第十四話
「な、な、な、な、な………」
将和は四国から戻り芥川山城で長慶に報告に参ったが、長慶は将和の傍らにいる小少将に目を見開いていた。それは居並んだ一存や長逸達も同様である。
「兄様……そ、その者は……」
「細川真之の母、小少将でございます」
震える指を指す長慶に小少将は頭を下げて爆弾を投下する。
「人質として将和殿の傍らにおりまする」
「か、傍らに!?」
「はい」
目を見開く長慶に小少将は微笑むが横からそれを見る将和は溜め息を吐いていた。
(めちゃくちゃ煽ってるし……皆の動揺も凄まじいな……)
久秀は扇子で口元を隠して笑っているように見えた。だが、袈裟の下では左拳を強く握り締めていたりする。
「そういうわけにございますので今後ともよろしくお願いします」
そう言う小少将だった。
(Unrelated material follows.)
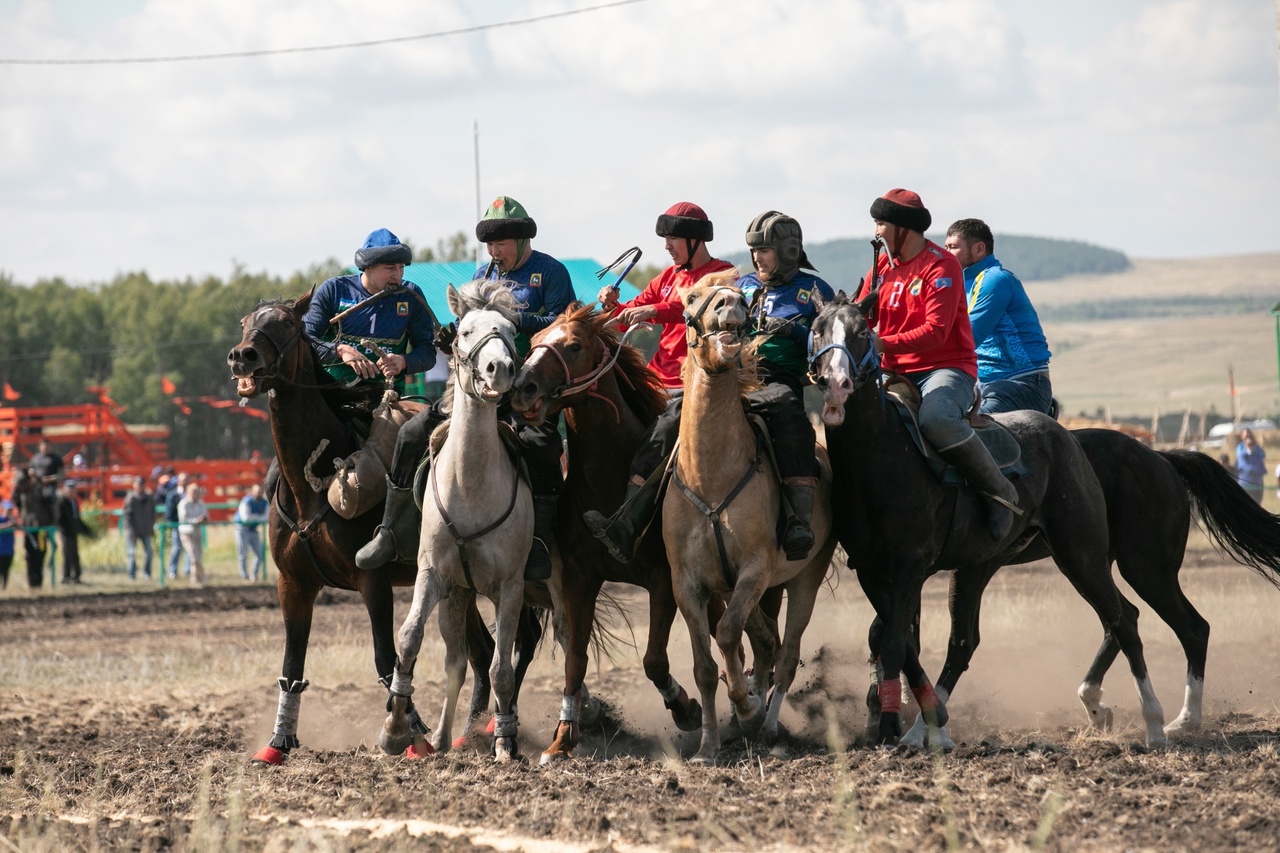 В Баймакском  районе стартовал Международный фестиваль лошадей башкирской породы «Башҡорт аты»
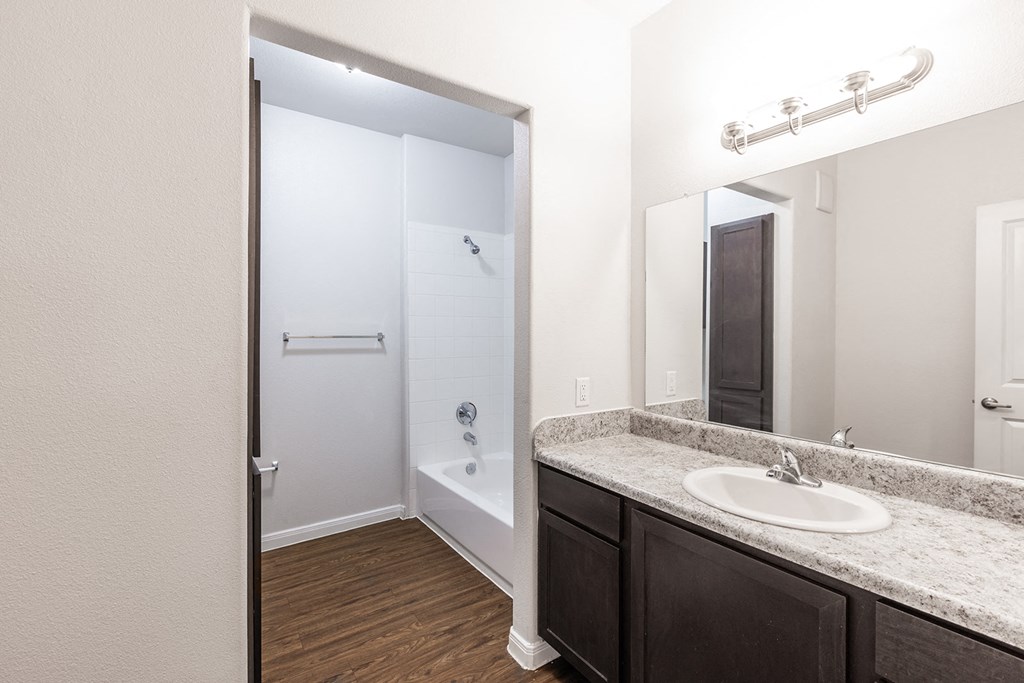 a bathroom with a sink and a shower and a mirror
多少の混乱がありつつも軍議が開催された。
「尾張の織田信長が美濃三人衆を味方に付ける事に成功し西美濃はほぼ織田家の手中になった」
「うつけと思っていたが……将兄の言う通りになってきたな」
『………』
一存の呟きに、皆は黙り将和に視線を向けるが当の将和本人はのほほんと茶を飲んでいた。
「……終わった事を今更あれこれ言うのは仕方ない。ならば次は最善の策を取れば良い」
茶菓子を食べる将和の姿に長慶らは安心したとばかりに深い安堵の息を吐いたのであった。その様子に久秀は口元を扇子で隠しながら小さく舌打ちをした。
(将和殿の様子見しか出来ないのかしら……)
とりあえず信貴山城に戻ったら平蜘蛛を眺めてそのイライラを落ち着こうと思う久秀である。
「そこでだ長慶……俺は二正面作戦を具申する」
「二正面作戦だと?」
将和の具申に長慶達はざわめきだす。それを尻目に将和は日本の地図を拡げた。
「即ち西と東に兵を分ける」
「西と東に……?」
「あぁ」
将和はそう言って扇子を播磨と但馬にトントンと指す。
「西は播磨と但馬。そして東は……」
そう言って指したのは近江と越前だった。
「近江と越前だ」
「近江と越前……六角・浅井は元より朝倉も敵にすると? 朝倉は宗滴亡き後は北の一向衆に手を焼くと聞くが……」
「浅井を攻撃すれば朝倉も浅井に協力しようとするからな。ついでに叩くしかあるまい」
「ですが二正面作戦となると兵が……」
「心配するな。西の攻略は今まで通りの農民兵主体で行え。東は常備兵でやる」
「東を常備兵で侵攻すると?」
「あぁ、そろそろ良い具合になっているからな」
三ヶ所に城下町を形成し常備兵を引き入れている三好家、この時常備兵は総勢一万二千まで膨れ上がっていた。
「俺が言い出しっぺだからな、東をやらせてもらいたい」
「東を……か。織田への警戒も含めてか兄様?」
「まぁそう言うこったな」
長慶の言葉に将和は頷く。
「……分かった。東は兄様に任せよう」
「御英断……感謝する」
将和はそう言って長慶に頭を下げるのであった。そしてその日の夜半……長慶達はまた集まっていた。